Each line of the data below goes into the copy exactly; pictures do not.

* _THE DATA_:
((
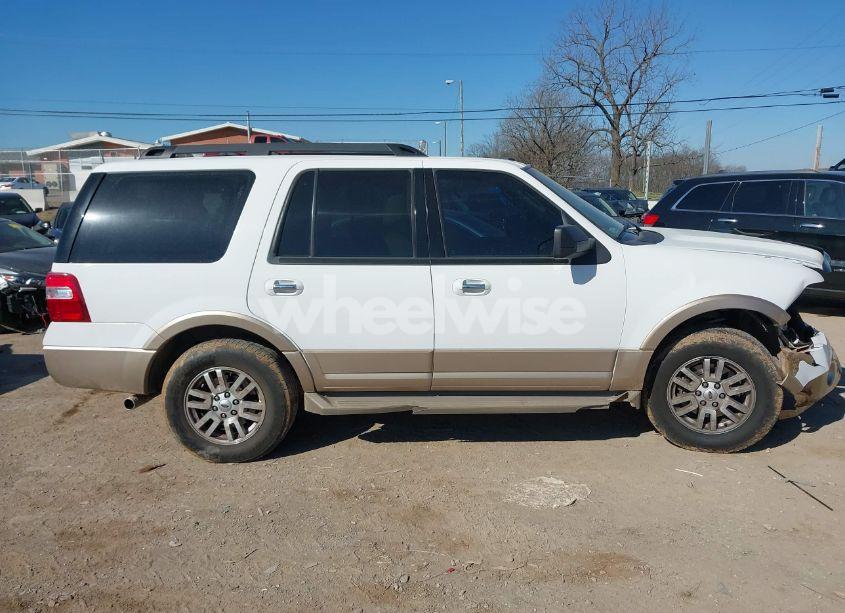 Photo 13 of 2013 Ford Expedition XLT (VIN 1FMJU1H59DEF69268)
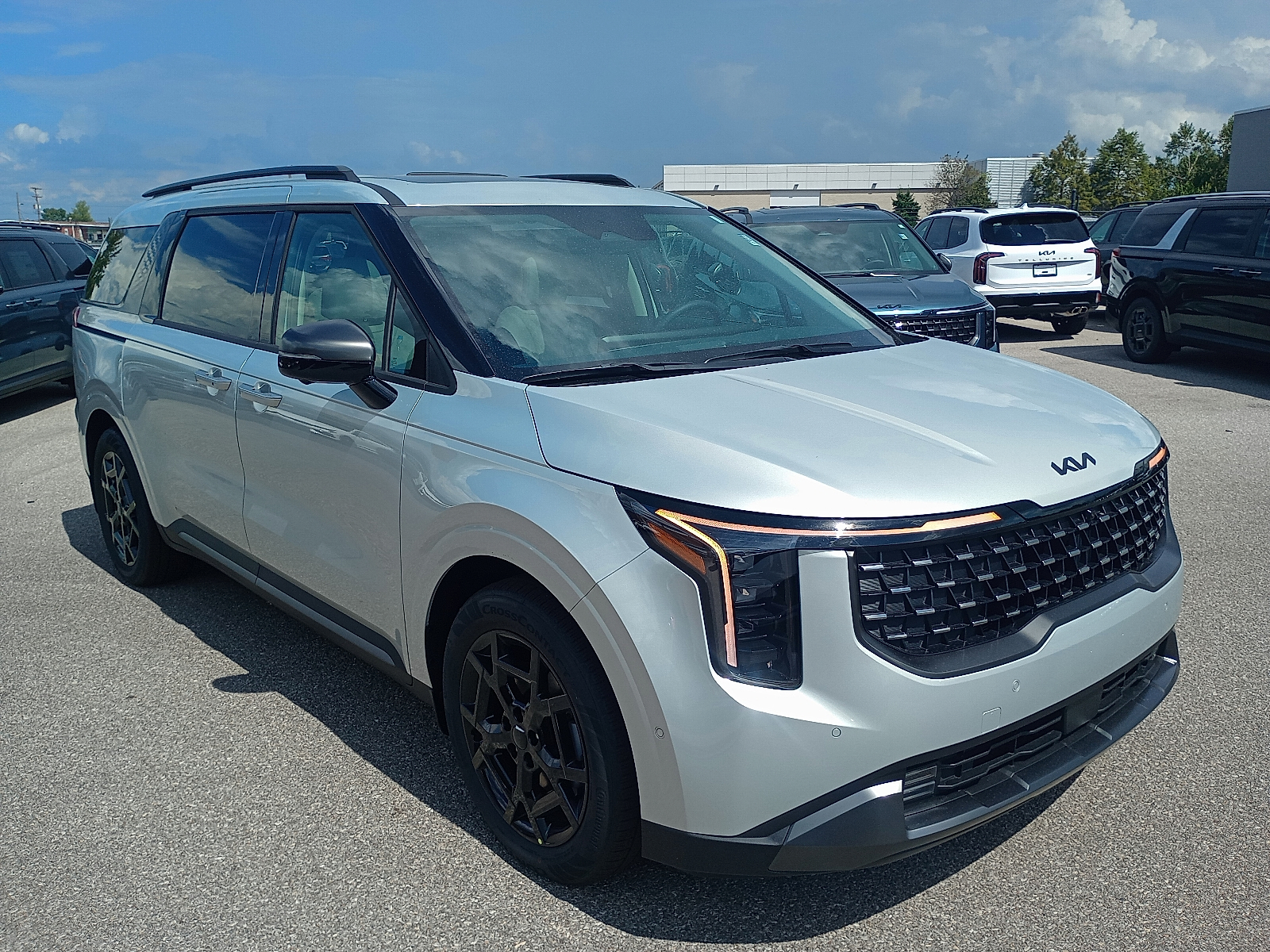 2026 Kia Carnival SX's photo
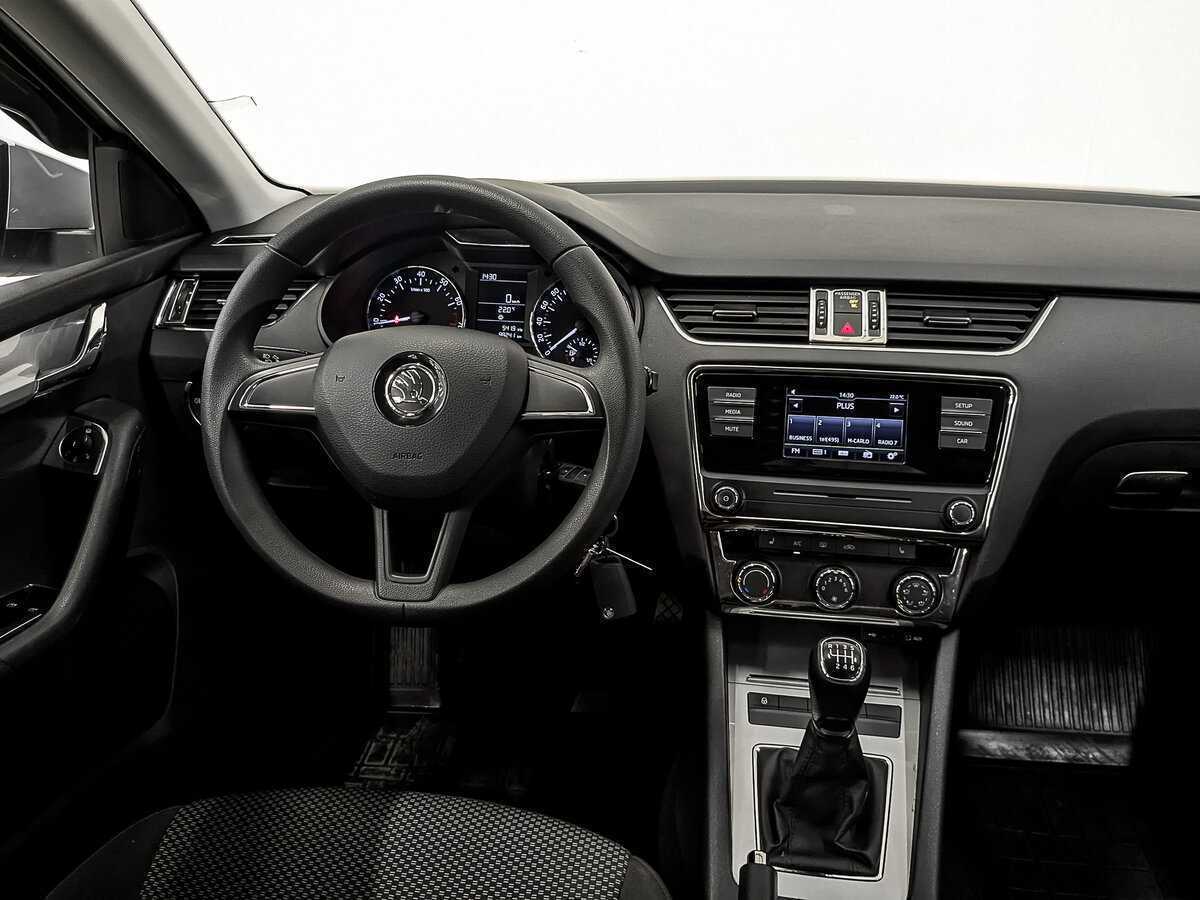 Купить Skoda Octavia с пробегом. Фото: #25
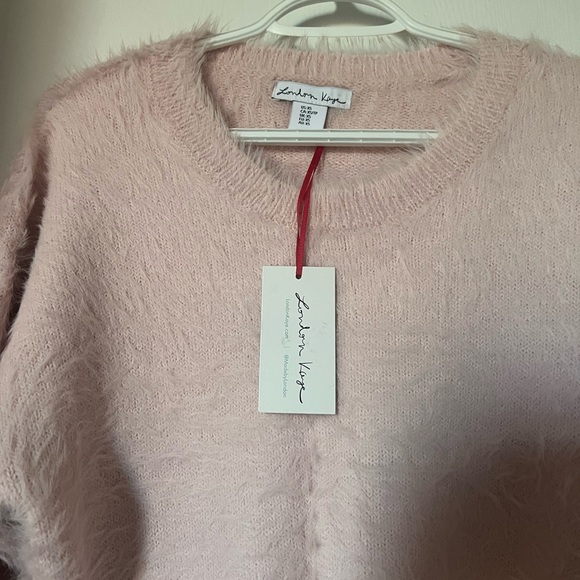 Brand new sweater - Picture 2 of 3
))
* _YOUR RESPONSE_:
 Photo 13 of 2013 Ford Expedition XLT (VIN 1FMJU1H59DEF69268)
 2026 Kia Carnival SX's photo
 Купить Skoda Octavia с пробегом. Фото: #25
 Brand new sweater - Picture 2 of 3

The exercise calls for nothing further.